«Felizes os misericordiosos porque alcançarão misericórdia» (Mateus 5,7). Aos misericordiosos, Jesus não promete nada mais do que aquilo que eles já vivem: a misericórdia. Em todas as outras Bem-aventuranças, a promessa contém sempre algo mais, leva mais longe: os que choram serão consolados, os puros de coração verão a Deus. Mas o que poderia Deus dar de mais aos misericordiosos? A misericórdia é já plenitude de Deus e dos homens. Os misericordiosos vivem já a mesma vida de Deus.
«Misericórdia» é uma palavra antiga. Durante a sua longa história, tomou um sentido muito rico. Em grego, língua do Novo Testamento, misericórdia diz-se éléos. Esta palavra é-nos familiar através da oração Kyrie eleison, que é um apelo à misericórdia de Deus. Éléos é a tradução habitual, na versão grega do Novo Testamento, da palavra hebraica hésèd. É uma das mais belas palavras bíblicas. Muitas vezes, traduzimo-la simplesmente por amor.
Hésèd, misericórdia ou amor, faz parte do vocabulário da aliança. Da parte de Deus, designa um amor inabalável, capaz de manter uma comunhão para sempre, seja o que for que vier a acontecer: «O meu amor por ti nunca mais será abalado» (Isaías 54,10). Mas, como a aliança de Deus com o seu povo é uma história de rupturas e de recomeços desde o início (Êxodo 32–34), é evidente que um tal amor incondicional implica perdão, e não pode ser senão misericórdia.
Éléos traduz ainda uma outra palavra hebraica, rahamîm. Esta palavra associa-se frequentemente a hésèd, mas está mais carregada de emoções. Literalmente, significa as entranhas; é uma forma plural de réhèm, o seio materno.
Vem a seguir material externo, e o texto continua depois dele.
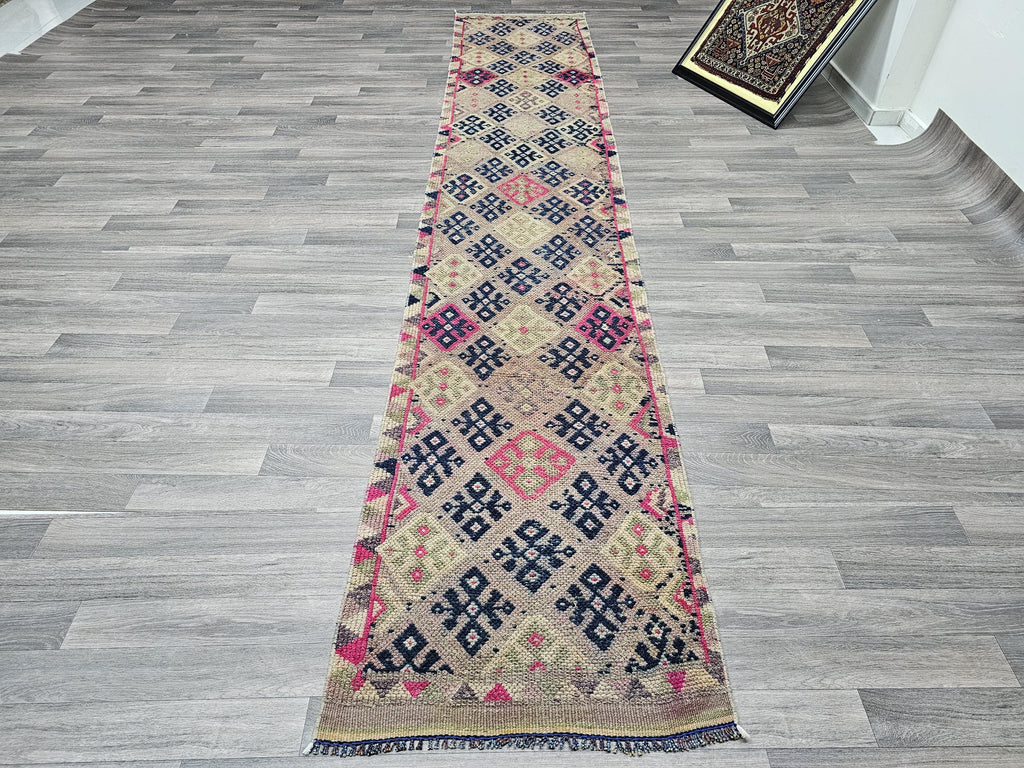 Hand Knotted Wool Runner Rug: Vintage Turkish Herki, 2.40x13 ft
A misericórdia, ou a compaixão, é aqui o amor profundo, a afeição de uma mãe pelo seu filho (Isaías 49,15), a ternura de um pai pelos filhos (Salmo 103,13), um amor fraternal intenso (Génesis 43,30).
A misericórdia, no sentido bíblico, é muito mais do que apenas um aspecto do amor de Deus. Por três vezes, Deus pronuncia o seu nome a Moisés: Na primeira vez, diz: «Eu sou aquele que sou» (Êxodo 3,14). Na segunda vez: «Concedo a minha benevolência a quem eu quiser, e uso de misericórdia com quem for do meu agrado» (Êxodo 3,19). O ritmo da frase é o mesmo, mas a benevolência e a misericórdia substituem aqui o ser. Para Deus, ser quem ele é, é ter benevolência e misericórdia. O que confirma a terceira proclamação do nome de Deus: «Senhor! Deus misericordioso e clemente, vagaroso na ira, cheio de bondade e de fidelidade» (Êxodo 34,6).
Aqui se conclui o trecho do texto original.